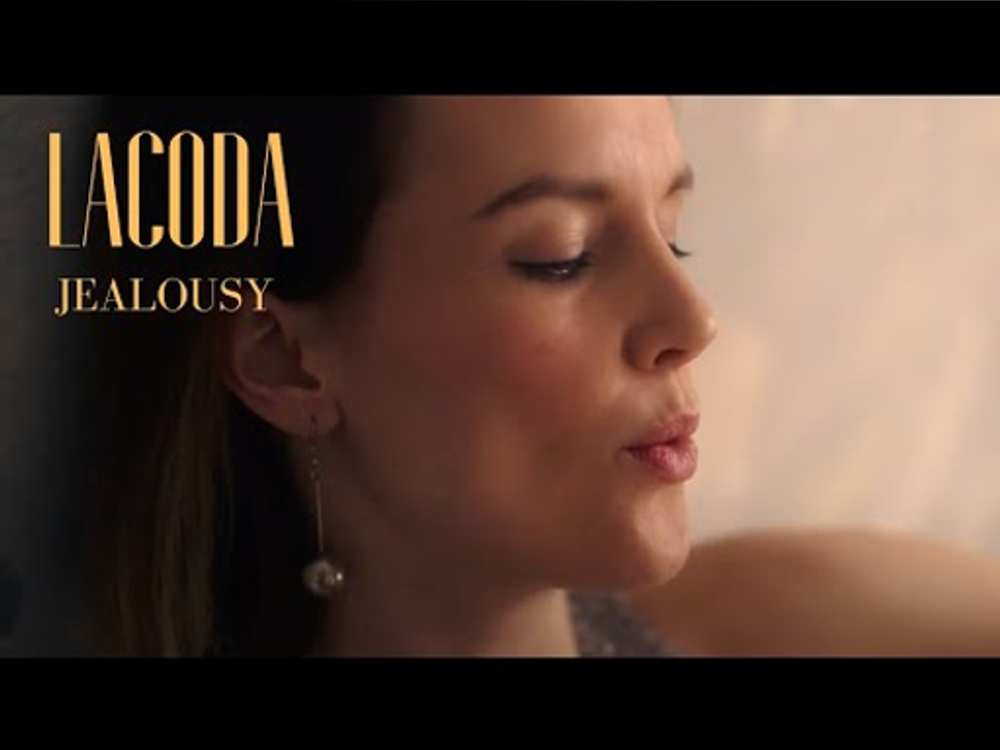 LACODA - Jealousy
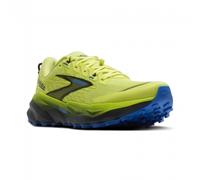Cascadia 19 Sunny Lime Black Blue - Chaussures | Brooks 41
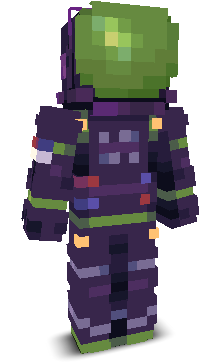 ItsHokora's skin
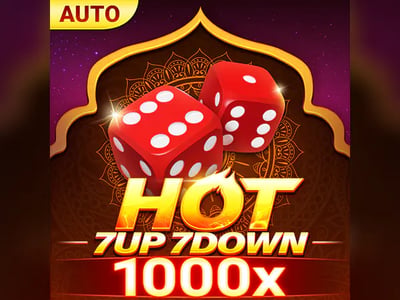 HOT 7up 7down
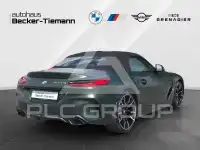 2025 BMW Z4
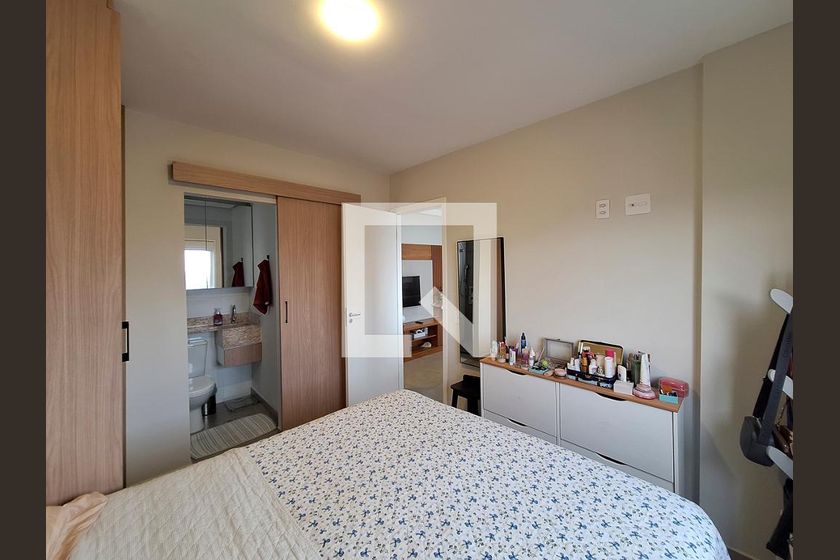 Apartamento, 1 quarto, 41 m² - Foto 25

Try it: Without the pictures, give back every record precisely as shown.

Result of the exercise:
 LACODA - Jealousy
Cascadia 19 Sunny Lime Black Blue - Chaussures | Brooks 41
 ItsHokora's skin
 HOT 7up 7down
 2025 BMW Z4
 Apartamento, 1 quarto, 41 m² - Foto 25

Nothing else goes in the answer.